WHAT THE TASK ASKS:
Write out exactly the lines of the entries below from the one holding "Vid 001 pamet srbije rts" to the one holding "白癜风到底是不是遗传的？一次说清楚！", inclusive, and leave out all other lines.

Short text fragments from websites:
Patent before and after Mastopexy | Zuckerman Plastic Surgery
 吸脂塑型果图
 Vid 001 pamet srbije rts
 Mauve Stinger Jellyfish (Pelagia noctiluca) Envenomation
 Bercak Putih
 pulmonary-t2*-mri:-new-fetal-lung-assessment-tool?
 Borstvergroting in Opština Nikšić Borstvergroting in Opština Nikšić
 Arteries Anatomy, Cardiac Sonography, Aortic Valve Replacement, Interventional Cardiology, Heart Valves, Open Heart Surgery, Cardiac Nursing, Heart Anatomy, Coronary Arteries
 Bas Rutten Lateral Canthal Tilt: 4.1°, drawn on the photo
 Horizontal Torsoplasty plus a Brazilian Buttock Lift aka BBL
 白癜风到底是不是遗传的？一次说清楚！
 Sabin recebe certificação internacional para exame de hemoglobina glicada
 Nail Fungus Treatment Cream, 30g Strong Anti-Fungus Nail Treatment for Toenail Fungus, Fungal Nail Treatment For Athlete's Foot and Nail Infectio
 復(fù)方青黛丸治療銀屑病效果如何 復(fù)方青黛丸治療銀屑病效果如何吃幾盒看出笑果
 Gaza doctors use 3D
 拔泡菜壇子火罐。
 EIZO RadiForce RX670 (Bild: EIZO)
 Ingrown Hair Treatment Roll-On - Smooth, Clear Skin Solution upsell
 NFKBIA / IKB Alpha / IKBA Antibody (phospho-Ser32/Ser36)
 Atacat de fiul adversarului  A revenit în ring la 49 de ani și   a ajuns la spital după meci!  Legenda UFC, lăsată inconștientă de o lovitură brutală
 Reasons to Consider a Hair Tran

PROBLEM SOLUTION:
 Vid 001 pamet srbije rts
 Mauve Stinger Jellyfish (Pelagia noctiluca) Envenomation
 Bercak Putih
 pulmonary-t2*-mri:-new-fetal-lung-assessment-tool?
 Borstvergroting in Opština Nikšić Borstvergroting in Opština Nikšić
 Arteries Anatomy, Cardiac Sonography, Aortic Valve Replacement, Interventional Cardiology, Heart Valves, Open Heart Surgery, Cardiac Nursing, Heart Anatomy, Coronary Arteries
 Bas Rutten Lateral Canthal Tilt: 4.1°, drawn on the photo
 Horizontal Torsoplasty plus a Brazilian Buttock Lift aka BBL
 白癜风到底是不是遗传的？一次说清楚！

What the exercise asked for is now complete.